(Beginning of Excerpted data)

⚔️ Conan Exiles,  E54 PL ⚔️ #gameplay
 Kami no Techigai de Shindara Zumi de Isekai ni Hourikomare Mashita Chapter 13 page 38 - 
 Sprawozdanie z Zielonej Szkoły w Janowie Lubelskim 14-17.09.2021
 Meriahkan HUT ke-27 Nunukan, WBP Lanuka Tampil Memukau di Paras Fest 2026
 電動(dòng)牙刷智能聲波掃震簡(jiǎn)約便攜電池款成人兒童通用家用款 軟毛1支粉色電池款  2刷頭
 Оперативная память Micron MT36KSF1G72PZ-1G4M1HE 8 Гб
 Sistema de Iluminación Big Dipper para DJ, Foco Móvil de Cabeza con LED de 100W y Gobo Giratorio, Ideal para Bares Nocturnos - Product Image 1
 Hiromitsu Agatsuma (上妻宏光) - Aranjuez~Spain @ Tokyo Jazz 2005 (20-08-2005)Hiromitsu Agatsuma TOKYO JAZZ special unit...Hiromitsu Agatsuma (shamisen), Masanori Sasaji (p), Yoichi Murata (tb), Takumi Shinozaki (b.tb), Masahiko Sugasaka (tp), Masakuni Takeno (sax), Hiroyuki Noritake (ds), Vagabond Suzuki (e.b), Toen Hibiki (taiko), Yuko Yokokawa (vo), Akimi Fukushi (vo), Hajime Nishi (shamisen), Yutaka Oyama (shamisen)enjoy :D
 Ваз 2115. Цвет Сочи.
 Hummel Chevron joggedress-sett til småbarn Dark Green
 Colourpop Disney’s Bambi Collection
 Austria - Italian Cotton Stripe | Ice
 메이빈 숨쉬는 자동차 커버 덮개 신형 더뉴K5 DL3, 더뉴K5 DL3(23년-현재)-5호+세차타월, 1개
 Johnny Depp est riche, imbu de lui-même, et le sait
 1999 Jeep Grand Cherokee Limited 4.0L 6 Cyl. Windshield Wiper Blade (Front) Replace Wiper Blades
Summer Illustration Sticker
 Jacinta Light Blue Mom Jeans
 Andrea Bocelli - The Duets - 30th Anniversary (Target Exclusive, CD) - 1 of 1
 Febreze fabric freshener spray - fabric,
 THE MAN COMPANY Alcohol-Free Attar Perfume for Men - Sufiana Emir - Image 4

(End of Excerpted data)

◆ Your goal ◆
Word for word, restate the entries that appear above.

◆ The answer ◆
⚔️ Conan Exiles,  E54 PL ⚔️ #gameplay
 Kami no Techigai de Shindara Zumi de Isekai ni Hourikomare Mashita Chapter 13 page 38 - 
 Sprawozdanie z Zielonej Szkoły w Janowie Lubelskim 14-17.09.2021
 Meriahkan HUT ke-27 Nunukan, WBP Lanuka Tampil Memukau di Paras Fest 2026
 電動(dòng)牙刷智能聲波掃震簡(jiǎn)約便攜電池款成人兒童通用家用款 軟毛1支粉色電池款  2刷頭
 Оперативная память Micron MT36KSF1G72PZ-1G4M1HE 8 Гб
 Sistema de Iluminación Big Dipper para DJ, Foco Móvil de Cabeza con LED de 100W y Gobo Giratorio, Ideal para Bares Nocturnos - Product Image 1
 Hiromitsu Agatsuma (上妻宏光) - Aranjuez~Spain @ Tokyo Jazz 2005 (20-08-2005)Hiromitsu Agatsuma TOKYO JAZZ special unit...Hiromitsu Agatsuma (shamisen), Masanori Sasaji (p), Yoichi Murata (tb), Takumi Shinozaki (b.tb), Masahiko Sugasaka (tp), Masakuni Takeno (sax), Hiroyuki Noritake (ds), Vagabond Suzuki (e.b), Toen Hibiki (taiko), Yuko Yokokawa (vo), Akimi Fukushi (vo), Hajime Nishi (shamisen), Yutaka Oyama (shamisen)enjoy :D
 Ваз 2115. Цвет Сочи.
 Hummel Chevron joggedress-sett til småbarn Dark Green
 Colourpop Disney’s Bambi Collection
 Austria - Italian Cotton Stripe | Ice
 메이빈 숨쉬는 자동차 커버 덮개 신형 더뉴K5 DL3, 더뉴K5 DL3(23년-현재)-5호+세차타월, 1개
 Johnny Depp est riche, imbu de lui-même, et le sait
 1999 Jeep Grand Cherokee Limited 4.0L 6 Cyl. Windshield Wiper Blade (Front) Replace Wiper Blades
Summer Illustration Sticker
 Jacinta Light Blue Mom Jeans
 Andrea Bocelli - The Duets - 30th Anniversary (Target Exclusive, CD) - 1 of 1
 Febreze fabric freshener spray - fabric,
 THE MAN COMPANY Alcohol-Free Attar Perfume for Men - Sufiana Emir - Image 4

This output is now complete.